Recorded information: Begin

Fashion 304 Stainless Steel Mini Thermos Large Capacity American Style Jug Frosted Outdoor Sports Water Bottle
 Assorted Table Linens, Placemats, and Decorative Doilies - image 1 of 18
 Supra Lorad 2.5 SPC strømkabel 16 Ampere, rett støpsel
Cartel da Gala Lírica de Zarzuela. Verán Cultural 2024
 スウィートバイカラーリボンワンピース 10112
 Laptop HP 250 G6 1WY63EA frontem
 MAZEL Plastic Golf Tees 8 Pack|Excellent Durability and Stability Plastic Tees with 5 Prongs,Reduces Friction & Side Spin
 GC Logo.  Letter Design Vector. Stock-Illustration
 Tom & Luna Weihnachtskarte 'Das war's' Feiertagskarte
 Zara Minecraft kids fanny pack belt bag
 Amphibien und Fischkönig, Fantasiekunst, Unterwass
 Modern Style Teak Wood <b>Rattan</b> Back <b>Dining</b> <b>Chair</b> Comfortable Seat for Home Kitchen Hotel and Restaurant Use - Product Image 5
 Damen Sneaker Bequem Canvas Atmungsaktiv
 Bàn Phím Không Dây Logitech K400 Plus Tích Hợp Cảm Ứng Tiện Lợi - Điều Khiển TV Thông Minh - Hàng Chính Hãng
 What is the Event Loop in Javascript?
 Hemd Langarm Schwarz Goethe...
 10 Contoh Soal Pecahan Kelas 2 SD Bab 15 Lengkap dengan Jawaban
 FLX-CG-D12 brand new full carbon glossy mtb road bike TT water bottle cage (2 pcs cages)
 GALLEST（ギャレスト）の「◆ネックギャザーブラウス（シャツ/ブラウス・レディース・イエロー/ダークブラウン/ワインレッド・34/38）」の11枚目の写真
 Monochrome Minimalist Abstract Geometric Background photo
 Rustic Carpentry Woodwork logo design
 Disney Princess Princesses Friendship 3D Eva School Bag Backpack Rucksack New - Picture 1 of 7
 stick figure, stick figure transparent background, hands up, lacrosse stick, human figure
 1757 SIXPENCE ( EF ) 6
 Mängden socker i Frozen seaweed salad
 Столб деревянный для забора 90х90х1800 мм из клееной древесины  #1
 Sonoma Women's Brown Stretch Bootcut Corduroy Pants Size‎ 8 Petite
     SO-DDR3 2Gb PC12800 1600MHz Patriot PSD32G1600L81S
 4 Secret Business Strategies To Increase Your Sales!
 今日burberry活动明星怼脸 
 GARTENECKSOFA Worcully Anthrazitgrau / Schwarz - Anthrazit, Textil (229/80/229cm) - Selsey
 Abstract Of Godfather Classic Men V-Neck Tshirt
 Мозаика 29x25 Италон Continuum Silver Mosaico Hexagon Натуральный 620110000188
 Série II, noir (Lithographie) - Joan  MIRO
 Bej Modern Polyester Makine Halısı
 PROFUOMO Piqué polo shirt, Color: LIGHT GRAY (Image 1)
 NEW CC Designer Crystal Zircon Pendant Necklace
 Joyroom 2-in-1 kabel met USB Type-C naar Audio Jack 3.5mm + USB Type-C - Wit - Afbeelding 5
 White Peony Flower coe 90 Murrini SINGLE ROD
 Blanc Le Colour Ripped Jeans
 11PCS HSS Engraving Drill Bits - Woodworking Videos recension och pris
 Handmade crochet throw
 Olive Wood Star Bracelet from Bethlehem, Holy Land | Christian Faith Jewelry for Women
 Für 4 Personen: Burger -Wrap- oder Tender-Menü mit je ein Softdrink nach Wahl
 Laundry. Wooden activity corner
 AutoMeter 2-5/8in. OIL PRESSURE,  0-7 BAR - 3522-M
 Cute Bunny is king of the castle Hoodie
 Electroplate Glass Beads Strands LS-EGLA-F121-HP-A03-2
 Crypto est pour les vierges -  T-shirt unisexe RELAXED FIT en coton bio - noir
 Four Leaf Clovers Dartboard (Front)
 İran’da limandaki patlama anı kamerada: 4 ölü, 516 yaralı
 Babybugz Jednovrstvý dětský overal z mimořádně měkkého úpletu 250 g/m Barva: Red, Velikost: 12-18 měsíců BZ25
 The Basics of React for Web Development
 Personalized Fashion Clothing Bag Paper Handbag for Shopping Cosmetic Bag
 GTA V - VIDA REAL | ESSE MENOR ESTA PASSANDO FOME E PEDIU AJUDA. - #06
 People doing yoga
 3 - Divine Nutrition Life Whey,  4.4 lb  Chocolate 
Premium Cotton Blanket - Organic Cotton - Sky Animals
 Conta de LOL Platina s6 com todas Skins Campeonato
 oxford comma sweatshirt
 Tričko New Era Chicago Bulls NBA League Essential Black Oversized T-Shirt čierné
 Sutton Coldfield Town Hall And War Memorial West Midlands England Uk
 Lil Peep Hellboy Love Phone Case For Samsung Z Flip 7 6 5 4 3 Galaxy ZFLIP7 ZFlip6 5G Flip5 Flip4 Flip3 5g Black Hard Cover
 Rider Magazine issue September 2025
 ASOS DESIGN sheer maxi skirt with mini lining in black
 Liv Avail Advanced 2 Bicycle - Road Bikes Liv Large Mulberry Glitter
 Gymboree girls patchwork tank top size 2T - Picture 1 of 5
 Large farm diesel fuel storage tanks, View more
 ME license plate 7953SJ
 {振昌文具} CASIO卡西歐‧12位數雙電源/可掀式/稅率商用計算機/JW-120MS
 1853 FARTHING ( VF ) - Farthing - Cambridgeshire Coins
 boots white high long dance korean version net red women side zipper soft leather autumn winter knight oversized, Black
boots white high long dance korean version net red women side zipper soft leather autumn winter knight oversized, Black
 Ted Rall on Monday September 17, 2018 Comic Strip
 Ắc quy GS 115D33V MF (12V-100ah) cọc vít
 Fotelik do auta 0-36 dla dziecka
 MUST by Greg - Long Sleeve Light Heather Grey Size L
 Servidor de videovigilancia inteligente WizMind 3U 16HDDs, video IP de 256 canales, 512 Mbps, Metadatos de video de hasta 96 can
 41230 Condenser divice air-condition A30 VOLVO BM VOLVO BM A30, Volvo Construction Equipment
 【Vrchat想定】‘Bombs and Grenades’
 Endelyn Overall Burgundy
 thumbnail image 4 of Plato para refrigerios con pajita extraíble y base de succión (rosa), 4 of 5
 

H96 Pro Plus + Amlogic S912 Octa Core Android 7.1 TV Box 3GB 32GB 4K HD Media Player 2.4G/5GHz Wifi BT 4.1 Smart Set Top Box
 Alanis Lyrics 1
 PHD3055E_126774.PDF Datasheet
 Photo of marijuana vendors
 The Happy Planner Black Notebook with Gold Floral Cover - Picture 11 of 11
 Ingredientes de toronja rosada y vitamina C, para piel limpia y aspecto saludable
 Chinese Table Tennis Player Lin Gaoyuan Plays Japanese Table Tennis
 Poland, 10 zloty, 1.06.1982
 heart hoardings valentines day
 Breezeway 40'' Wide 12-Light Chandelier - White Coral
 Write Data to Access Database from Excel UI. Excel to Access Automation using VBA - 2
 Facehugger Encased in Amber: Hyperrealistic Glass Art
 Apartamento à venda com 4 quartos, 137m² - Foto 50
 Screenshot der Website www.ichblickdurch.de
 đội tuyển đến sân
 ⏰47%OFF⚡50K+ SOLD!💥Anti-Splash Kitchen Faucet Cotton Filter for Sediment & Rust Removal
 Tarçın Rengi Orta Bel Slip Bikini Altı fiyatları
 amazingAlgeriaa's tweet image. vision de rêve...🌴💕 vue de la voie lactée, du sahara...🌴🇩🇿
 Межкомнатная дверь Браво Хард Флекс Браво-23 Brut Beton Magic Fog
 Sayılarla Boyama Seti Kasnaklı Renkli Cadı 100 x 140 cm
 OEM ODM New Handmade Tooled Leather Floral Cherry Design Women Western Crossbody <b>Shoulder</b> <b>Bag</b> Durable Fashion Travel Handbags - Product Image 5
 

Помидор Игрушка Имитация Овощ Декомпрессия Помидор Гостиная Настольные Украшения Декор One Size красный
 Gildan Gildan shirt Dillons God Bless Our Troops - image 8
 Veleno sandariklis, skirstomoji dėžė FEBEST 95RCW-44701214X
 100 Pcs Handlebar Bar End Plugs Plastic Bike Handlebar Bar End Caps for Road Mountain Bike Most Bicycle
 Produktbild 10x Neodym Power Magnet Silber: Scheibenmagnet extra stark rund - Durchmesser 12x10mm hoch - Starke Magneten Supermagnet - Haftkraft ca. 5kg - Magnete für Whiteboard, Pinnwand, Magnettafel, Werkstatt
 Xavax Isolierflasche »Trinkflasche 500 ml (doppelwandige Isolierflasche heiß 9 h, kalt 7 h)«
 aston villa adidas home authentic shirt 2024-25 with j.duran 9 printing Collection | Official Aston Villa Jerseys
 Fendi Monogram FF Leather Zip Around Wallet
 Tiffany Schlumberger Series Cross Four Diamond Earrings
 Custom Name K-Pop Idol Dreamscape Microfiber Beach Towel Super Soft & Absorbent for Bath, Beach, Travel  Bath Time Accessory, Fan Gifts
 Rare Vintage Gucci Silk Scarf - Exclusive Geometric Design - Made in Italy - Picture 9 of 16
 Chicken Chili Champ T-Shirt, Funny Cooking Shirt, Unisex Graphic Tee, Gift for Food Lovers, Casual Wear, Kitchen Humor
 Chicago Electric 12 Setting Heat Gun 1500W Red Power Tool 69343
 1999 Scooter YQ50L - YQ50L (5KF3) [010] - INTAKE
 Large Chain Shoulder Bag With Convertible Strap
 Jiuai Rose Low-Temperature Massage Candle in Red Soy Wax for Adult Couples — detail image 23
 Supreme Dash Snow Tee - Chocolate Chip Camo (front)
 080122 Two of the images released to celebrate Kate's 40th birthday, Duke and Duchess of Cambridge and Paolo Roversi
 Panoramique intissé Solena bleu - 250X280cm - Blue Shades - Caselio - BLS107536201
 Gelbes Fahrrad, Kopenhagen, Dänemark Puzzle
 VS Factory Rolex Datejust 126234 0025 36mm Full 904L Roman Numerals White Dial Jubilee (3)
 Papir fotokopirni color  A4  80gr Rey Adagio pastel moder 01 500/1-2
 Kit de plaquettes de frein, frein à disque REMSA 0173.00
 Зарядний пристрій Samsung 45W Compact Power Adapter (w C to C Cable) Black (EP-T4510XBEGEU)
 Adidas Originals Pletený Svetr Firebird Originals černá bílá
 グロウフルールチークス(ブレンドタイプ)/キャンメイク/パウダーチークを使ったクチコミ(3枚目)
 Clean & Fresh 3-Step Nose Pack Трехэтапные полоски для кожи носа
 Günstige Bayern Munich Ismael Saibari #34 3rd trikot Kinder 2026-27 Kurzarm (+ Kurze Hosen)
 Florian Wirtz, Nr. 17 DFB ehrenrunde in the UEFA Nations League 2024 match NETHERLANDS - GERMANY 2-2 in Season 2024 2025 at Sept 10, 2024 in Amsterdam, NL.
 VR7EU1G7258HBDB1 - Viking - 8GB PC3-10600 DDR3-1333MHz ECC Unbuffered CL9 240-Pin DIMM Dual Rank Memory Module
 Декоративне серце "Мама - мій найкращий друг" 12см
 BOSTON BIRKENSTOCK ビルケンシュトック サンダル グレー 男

Recorded information: End

* Required action: Write out exactly the lines between the start of the entries and the line containing "Rustic Carpentry Woodwork logo design", including that line and the first one.

* Task solution:
Fashion 304 Stainless Steel Mini Thermos Large Capacity American Style Jug Frosted Outdoor Sports Water Bottle
 Assorted Table Linens, Placemats, and Decorative Doilies - image 1 of 18
 Supra Lorad 2.5 SPC strømkabel 16 Ampere, rett støpsel
Cartel da Gala Lírica de Zarzuela. Verán Cultural 2024
 スウィートバイカラーリボンワンピース 10112
 Laptop HP 250 G6 1WY63EA frontem
 MAZEL Plastic Golf Tees 8 Pack|Excellent Durability and Stability Plastic Tees with 5 Prongs,Reduces Friction & Side Spin
 GC Logo.  Letter Design Vector. Stock-Illustration
 Tom & Luna Weihnachtskarte 'Das war's' Feiertagskarte
 Zara Minecraft kids fanny pack belt bag
 Amphibien und Fischkönig, Fantasiekunst, Unterwass
 Modern Style Teak Wood <b>Rattan</b> Back <b>Dining</b> <b>Chair</b> Comfortable Seat for Home Kitchen Hotel and Restaurant Use - Product Image 5
 Damen Sneaker Bequem Canvas Atmungsaktiv
 Bàn Phím Không Dây Logitech K400 Plus Tích Hợp Cảm Ứng Tiện Lợi - Điều Khiển TV Thông Minh - Hàng Chính Hãng
 What is the Event Loop in Javascript?
 Hemd Langarm Schwarz Goethe...
 10 Contoh Soal Pecahan Kelas 2 SD Bab 15 Lengkap dengan Jawaban
 FLX-CG-D12 brand new full carbon glossy mtb road bike TT water bottle cage (2 pcs cages)
 GALLEST（ギャレスト）の「◆ネックギャザーブラウス（シャツ/ブラウス・レディース・イエロー/ダークブラウン/ワインレッド・34/38）」の11枚目の写真
 Monochrome Minimalist Abstract Geometric Background photo
 Rustic Carpentry Woodwork logo design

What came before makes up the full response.